Working on other ag. land

23

Trade

16

Household servant

12

Transport

11

Construction

6

Teaching

5

Mining

4

Manufacturing

1

Others

21

Total

100

Source: 1994 Peruvian Agricultural Census.

The Aramachay district offers few off-farm employment opportunities; this, combined with the long distance from Huancayo, means that most households work and live on-farm. The opposite is true for the other two districts, where urban growth and the proximity of Huancayo provide multiple off-farm employment opportunities and the majority of households do not live on-farm. Even though agricultural production is the principal economic activity for 62 percent of households in Huayucachi, 75 percent also work off-farm. Poor families in Huayucachi work in a variety of activities, including unskilled wage employment, shoe making and making and selling vehicle parts. In Aramachay, 90 percent of households work in agriculture but only 25 percent work off-farm.
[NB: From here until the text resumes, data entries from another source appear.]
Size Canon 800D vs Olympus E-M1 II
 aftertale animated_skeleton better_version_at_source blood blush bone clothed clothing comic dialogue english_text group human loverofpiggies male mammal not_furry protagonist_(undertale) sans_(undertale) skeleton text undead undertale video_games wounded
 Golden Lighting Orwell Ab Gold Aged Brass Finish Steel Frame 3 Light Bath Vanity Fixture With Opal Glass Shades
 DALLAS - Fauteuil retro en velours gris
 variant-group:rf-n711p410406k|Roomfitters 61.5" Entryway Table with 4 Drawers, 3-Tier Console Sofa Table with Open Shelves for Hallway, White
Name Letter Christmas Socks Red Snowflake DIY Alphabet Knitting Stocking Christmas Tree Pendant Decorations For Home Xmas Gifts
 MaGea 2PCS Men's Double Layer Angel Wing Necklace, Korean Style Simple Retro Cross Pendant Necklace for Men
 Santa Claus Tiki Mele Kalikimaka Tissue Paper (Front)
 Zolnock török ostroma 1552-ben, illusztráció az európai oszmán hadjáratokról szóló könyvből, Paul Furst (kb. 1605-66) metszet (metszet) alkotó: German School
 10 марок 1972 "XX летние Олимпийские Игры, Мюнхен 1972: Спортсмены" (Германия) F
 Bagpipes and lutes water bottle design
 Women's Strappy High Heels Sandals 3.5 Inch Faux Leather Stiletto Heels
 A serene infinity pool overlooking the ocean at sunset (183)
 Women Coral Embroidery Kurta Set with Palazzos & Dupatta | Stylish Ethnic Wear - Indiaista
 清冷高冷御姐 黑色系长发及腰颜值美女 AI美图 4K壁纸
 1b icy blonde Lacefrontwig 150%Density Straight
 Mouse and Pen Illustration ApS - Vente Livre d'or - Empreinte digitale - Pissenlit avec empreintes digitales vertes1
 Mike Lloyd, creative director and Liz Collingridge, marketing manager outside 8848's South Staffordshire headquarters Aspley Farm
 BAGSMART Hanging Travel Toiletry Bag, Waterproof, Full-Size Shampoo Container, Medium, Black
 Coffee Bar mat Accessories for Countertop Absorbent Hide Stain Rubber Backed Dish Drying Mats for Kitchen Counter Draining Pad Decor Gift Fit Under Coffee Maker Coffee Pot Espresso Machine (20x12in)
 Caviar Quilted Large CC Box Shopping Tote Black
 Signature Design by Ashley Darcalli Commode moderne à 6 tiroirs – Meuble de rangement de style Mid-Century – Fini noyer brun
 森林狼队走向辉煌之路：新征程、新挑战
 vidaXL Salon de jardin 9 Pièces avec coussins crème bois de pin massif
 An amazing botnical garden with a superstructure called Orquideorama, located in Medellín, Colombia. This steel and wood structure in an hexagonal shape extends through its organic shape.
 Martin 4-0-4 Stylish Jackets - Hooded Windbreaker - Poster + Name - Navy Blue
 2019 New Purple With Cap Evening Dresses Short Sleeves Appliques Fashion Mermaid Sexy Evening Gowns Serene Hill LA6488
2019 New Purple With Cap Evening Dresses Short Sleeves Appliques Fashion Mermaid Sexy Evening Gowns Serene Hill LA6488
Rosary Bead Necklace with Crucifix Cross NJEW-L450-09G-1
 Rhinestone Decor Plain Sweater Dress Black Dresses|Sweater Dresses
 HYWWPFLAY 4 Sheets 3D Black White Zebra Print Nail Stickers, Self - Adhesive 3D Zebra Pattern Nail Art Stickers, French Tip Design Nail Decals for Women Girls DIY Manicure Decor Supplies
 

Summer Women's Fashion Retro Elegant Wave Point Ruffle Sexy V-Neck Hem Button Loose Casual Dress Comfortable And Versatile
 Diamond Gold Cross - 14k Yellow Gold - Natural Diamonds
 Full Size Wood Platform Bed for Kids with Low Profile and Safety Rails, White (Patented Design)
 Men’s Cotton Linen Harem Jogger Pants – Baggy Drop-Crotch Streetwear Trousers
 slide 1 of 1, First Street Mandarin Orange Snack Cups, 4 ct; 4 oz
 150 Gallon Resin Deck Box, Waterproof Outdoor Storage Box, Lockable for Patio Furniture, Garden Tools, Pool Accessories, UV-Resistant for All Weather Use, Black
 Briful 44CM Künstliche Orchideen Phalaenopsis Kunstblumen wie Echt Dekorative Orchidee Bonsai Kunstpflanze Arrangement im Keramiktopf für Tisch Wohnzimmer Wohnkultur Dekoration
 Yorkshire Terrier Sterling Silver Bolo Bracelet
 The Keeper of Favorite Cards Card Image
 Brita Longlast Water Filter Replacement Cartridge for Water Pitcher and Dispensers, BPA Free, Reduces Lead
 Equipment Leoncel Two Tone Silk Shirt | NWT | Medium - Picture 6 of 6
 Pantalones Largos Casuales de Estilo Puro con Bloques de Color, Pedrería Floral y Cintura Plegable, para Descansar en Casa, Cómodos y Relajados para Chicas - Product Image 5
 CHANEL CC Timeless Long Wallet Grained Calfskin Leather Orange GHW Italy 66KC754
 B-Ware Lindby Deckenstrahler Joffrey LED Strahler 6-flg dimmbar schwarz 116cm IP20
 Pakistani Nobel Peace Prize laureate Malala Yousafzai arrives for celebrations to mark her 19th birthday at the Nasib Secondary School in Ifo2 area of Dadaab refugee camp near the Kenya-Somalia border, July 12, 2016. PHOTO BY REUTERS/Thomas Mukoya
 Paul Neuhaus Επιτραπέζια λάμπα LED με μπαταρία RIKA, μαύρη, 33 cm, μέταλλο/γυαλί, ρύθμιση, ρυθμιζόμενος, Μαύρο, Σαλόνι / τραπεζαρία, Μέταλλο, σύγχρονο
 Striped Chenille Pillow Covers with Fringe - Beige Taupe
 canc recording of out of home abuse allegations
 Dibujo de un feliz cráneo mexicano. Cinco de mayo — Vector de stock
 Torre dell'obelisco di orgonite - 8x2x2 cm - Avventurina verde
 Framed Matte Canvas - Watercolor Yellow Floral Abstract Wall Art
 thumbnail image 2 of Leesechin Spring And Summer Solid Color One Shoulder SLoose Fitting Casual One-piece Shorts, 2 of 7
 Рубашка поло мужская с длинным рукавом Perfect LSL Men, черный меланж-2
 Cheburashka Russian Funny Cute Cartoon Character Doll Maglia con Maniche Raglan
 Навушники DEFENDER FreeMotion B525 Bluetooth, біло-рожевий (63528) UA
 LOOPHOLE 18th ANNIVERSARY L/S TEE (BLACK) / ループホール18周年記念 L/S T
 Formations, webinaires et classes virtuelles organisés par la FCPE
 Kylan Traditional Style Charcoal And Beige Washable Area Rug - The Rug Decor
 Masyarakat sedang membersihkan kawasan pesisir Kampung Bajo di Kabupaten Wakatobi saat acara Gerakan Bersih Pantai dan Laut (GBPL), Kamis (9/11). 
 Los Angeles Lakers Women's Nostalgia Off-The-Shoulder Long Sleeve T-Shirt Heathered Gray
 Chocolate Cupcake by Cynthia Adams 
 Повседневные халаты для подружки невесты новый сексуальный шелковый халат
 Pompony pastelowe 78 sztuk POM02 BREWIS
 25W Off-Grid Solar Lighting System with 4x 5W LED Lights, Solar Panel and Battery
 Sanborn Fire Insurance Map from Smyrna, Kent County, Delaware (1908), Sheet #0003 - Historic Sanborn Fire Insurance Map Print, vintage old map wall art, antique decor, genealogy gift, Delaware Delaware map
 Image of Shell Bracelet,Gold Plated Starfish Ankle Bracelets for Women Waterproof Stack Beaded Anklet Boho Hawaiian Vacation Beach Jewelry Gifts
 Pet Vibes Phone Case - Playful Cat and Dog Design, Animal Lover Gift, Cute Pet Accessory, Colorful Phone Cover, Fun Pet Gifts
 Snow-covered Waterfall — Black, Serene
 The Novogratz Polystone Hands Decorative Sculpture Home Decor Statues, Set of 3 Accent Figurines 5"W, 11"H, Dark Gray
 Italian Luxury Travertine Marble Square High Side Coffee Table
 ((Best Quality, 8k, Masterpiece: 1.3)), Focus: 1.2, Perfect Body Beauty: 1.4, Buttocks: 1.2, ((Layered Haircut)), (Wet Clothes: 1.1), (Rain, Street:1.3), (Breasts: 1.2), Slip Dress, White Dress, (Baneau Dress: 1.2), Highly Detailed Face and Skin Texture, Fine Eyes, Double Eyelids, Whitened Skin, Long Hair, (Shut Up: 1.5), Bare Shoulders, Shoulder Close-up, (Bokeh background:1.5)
INSTITUTIONAL INNOVATION AND LINKAGES

Chincha valley

Cotton

Cotton was the motor of economic and town growth in the Chincha valley for most of the last century. In the past decade, however, the fortunes of cotton have been declining as a result of appreciation of the real exchange rate, competition from liberalized imports of textiles and cotton and increasing input costs for farmers resulting from cuts in government subsidies for inputs and credit. These factors provoked a national slide in cotton production, from 293 000 mt in 1989 to 86 200 mt in 1998 (Ministry of Agriculture, 1999).

As cotton became less profitable, non-traditional crops emerged as more profitable options. This profit difference and other institutional factors discussed below provoked a massive shift of large farmers out of cotton and into asparagus, oranges, apples, avocados and lucuma. This left room for small farmers to enter cotton production as a less profitable but less demanding crop in terms of organization and capital requirements.

There have been some recent instances of vertical integration of ginning and textile manufacturing firms, but the usual organization has been separate firms. The ginners act as intermediaries, buying raw cotton from farmers without agreeing contracts, and process the cotton into fibre and oil seeds to sell to textile firms and edible-oil factories. When large farmers produced cotton, they either sold to ginners acting as intermediaries for the textile firms or bought ginning services and sold directly to the textile firms.

When small farmers moved into cotton, they obtained credit from ginning firms or from large cotton growers and sold the raw cotton to them. When large farms shifted away from cotton, the small farmers became part of a system in which the ginners were almost the only source of credit, which was provided in-kind in seeds and chemical inputs.

From about 1995, difficulties increased for small farmers participating in the cotton subsector. Structural adjustments reduced access and increased costs for inputs and credit. The cost increases were magnified by the disappearance of the cooperatives, which had been dismantled in the 1980s. Ginners stepped in to fill the input credit gap left by government withdrawal, but at rates well above the former state-subsidized rates.

To offset rising input costs, small farmers turned to NGOs and rural and municipal savings/credit schemes. NGOs offer technical production assistance and credit at below market cost, subsidized mainly by foreign donors. These new sources of credit reduced small farmers’ dependence on the ginners’ expensive credit. The NGOs also negotiated with the ginning firms, with varied success, to increase the price for raw cotton.

The coverage of NGO schemes was partial and left out numerous smallholders. The schemes were limited to reducing credit costs but did not address numerous other problems faced by small cotton farmers, in particular lack of marketing and negotiation expertise to deal with other cotton-chain actors, expensive variable inputs and lack of organizational capital that was formerly embodied in cooperatives, which permitted economies of scale in input and credit acquisition.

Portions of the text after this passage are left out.